Dragon Flower by Chen Jiang Hong, translated by Alyson Waters

[Translation – French]

You clever educators, librarians, and booksellers out there probably thought of this already, but have any of you ever done a display or round-up of picture books featuring spunky little girls determined to save the day? I’m quite enamored of this theme, and surprisingly it doesn’t come up quite as often these days as I think it used to. This French import is the work of an artist born in Tianjin, China who now lives in Paris, I believe. Ostensibly, this book is a companion to that lovely THE TIGER PRINCE which came out in America way way back in 2018 (not that long ago, I suppose, but it wasn’t precisely yesterday). Like that book, this features a relationship between a child and a magnificent creature with a reddish hue. The story itself, however, reminded me quite a bit of the stories of Grace Lin. In this tale Mae’s mother suffers from an illness that can only be cured by a single, specific magical flower. When Mae and her parents actually manage to find said flower, they see that it’s guarded by a dragon. Not great. Mae’s such an expressive and determined kid, which is part of the reason I took to this book as much as I did. And who can’t identify with a child determined to save her own parent’s life? The watercolors are so engaging and endearing (Mae is just riddled with personality). One of the more enjoyable original tales set in a kind of Chinese folklore heritage I’ve seen. 

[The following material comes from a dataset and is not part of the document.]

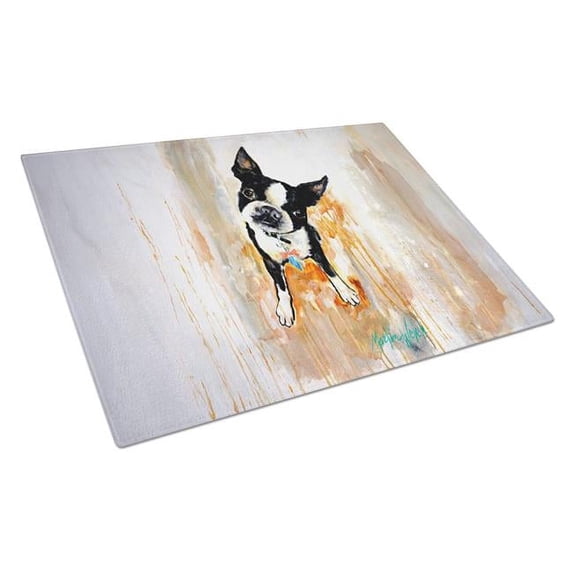 Boston Terrier Scout Glass Cutting Board 12 in x 15 in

The Expedition by Tuvalisa Rangstrom, ill. Klara Bartilsson, translated Saskia Vogel

[Translation – Swedish]

Transit Editions (the American publisher of this book) once told me that when they were at the Bologna Book Fair a couple years ago, they asked one of the fellow publishers there to tell them which title they were most surprised hadn’t yet been brought to America. The publisher replied that this book was without a doubt the one to take. Little wonder that when it was published here, Transit Editions went all out. The title and creators are displayed in beautiful gold lettering on a cover awash in deep pinks and this massive mouth. In a way, the story of this book begins on the cover. There, you can see our four characters as they embark on an epic journey into the body itself. Though they appear to go in through the mouth, things really beg in when they’re taking a boat ride in the stomach and small intestine. The book does amazing things with details, colors, and something a little more ineffable. There is a feeling to this book. It exudes a funny kind of calm, even as the people go through a series of fun adventures. Then there’s that psychedelic ending when our hero makes it to the brain, and that final two-page fever dream of a spread is worth the entire price of admission right there. 

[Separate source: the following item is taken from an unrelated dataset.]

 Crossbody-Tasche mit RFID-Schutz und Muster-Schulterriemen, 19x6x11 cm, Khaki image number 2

Freya and the Snake by Fredrik Sonck, ill. Jenny Lucander, translated by B.J. Woodstein

[Translation – Finnish]

When Freya’s father’s attempts to remove a snake from their property ends with him taking the creature’s life, Freya has to come to terms with her dad’s choices and whether or not she can ever forgive him. Folks, you don’t know how many weird European imports I read and then decide not to include on my best of the best of the best lists. Tons! So when one slips in, you know I’m only including it because it made me really think. I’d have given this book a slightly different cover, had I been in charge of it in any way, but that’s my only gripe. There’s a surplus of reality imbued on these pages. The kind of reality that American picture books for kids tend to eschew. At its heart, this is a story about a girl losing faith in her father. Rightfully? Wrongly? Kids can make their own decisions. Now I know for a fact they cleaned up some of the gore in the dead snake image for North American readers, but the blood is definitely still there, so it’s not for the squeamish. For me, Freya is the heart and soul of this story. That look of entrenched anger when everyone else has moved on and her dad, the “snake-murderer”, has seemingly bought them off with ice cream? The bags under her eyes should get an award alone. It also has, what has to be, the best last page of a picture book I’ve seen in years. Incredible.

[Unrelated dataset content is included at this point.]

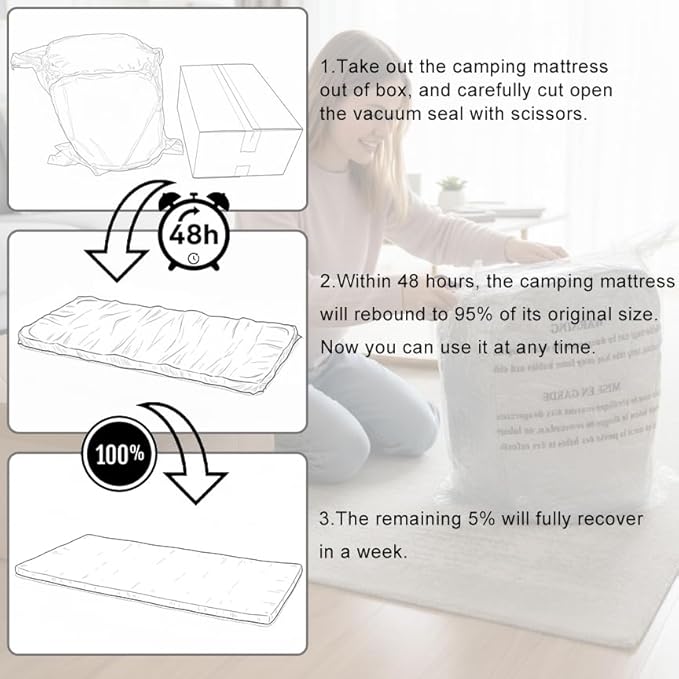 Foam Camping Mattress - Portable Sleeping Pad for Camping Tent Car &amp Floor - Washable Cover &amp Roll Up Travel Bag - Cot Mattress for Travel &amp Guests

How to Reach the Moon by Nicolas Schuff, ill. Ana Sender, translated by Lawrence Schimel

[Translation – Spanish]

When my daughter was quite small I recall reading her a picture book that I had loved as a child myself. When I got to the end, though, she was teary eyed and demanded to know why I had read her a book full of cool things that she would never be able to do herself. The concept of living vicariously through a book never sat well with her. So if you’ve a child who reacts to books in a similar fashion, you may wish to eschew a read of How to Reach the Moon. After all, this little Argentinian import is full of some VERY cool ideas. Like traveling each summer to stay with your grandfather (who, for whatever reason, seems prone to wearing vaguely Tyrolean hats for fun). Or having a huge forest to play in and explore. When Emilio, the kid in this book, tells his Abuelo that he’d love to meet the moon, there’s only one thing for it. They’re off to the moon! But this isn’t some wild fantasy or anything. Instead, they hike to a place where they can find a cool, clear pond. The moon reflects beautifully inside of it, and when the two dive in the text says “Ready for takeoff?” Schimel’s translation reads smooth, retaining all the fun of the text, making you yearn for an abuelo like this of your own.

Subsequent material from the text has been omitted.